6. ADDITIONAL AGREEMENTS.
A. RIGHTS. From and after the date hereof, Advantix shall be
entitled to receive, and RBB shall promptly deliver to Advantix, all of RBB's
rights, title and interest with respect to any proceeds, revenues, dividends,
distributions, conversions, exchanges, penalties and all other economic benefits
arising from the ownership of the Shares, including without limitation any cash
penalties or other consideration payable on account of the Shares as a result of
Lasergate's failure to obtain shareholder authorization for the issuance of
additional shares of Lasergate Common Stock upon the conversion of the Lasergate
Preferred Stock.
B. PAYMENT OF PROMISSORY NOTE. Upon the consummation of the
Merger, Advantix shall cause Lasergate, or its successor, to pay to RBB all
amounts as they become due under the terms of that certain Promissory Note
issued by Lasergate in favor of RBB in the original principal amount of
$300,000.
C. CONTROL OF LASERGATE BOARD OF DIRECTORS. In the event that the
Board of Directors of Lasergate does not approve the Merger on or before January
31, 1999, RBB shall, as soon as possible thereafter, take all appropriate or
necessary actions, including without limitation making all appropriate filings
with the Securities and Exchange Commission, to elect a majority of the members
of the Lasergate board of directors.

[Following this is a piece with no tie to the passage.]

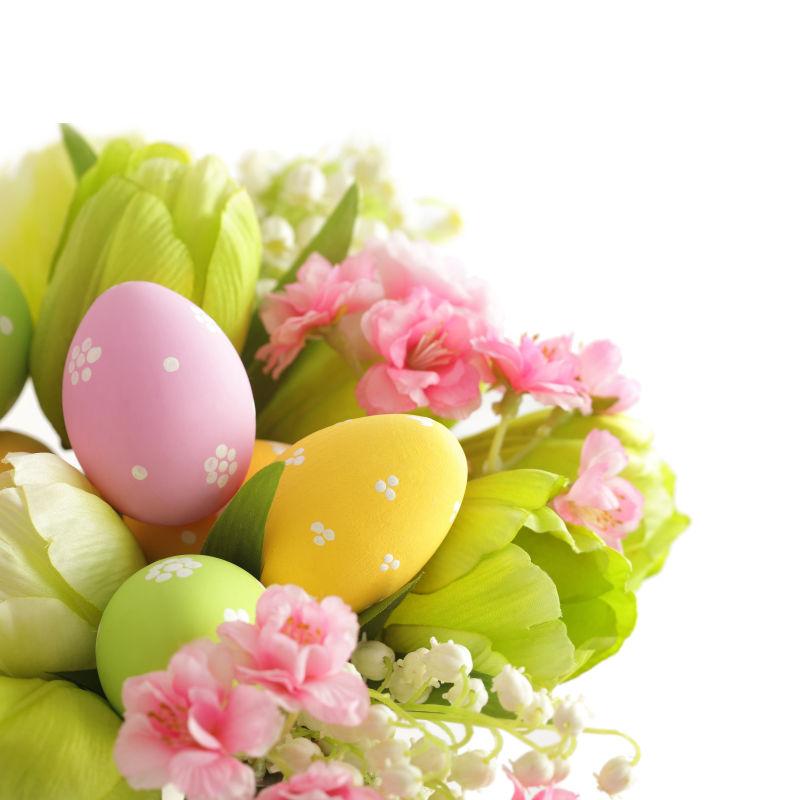 白色背景下复活节彩蛋和郁金香组成的花束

The members of the Lasergate board of
directors shall include Xxxxx X. Xxxxx and Xxxxxxx Xxxxx, or such other
individuals as are acceptable to Advantix, and Xxxxx X. Xxxxx shall be named as
Lasergate's business manager.
D. FUTURE ACTION. RBB agrees, and agrees to cause Lasergate, not
to take any action, including voting the Shares, inconsistent with the purposes
of this Agreement or the Merger or otherwise detrimental to Advantix.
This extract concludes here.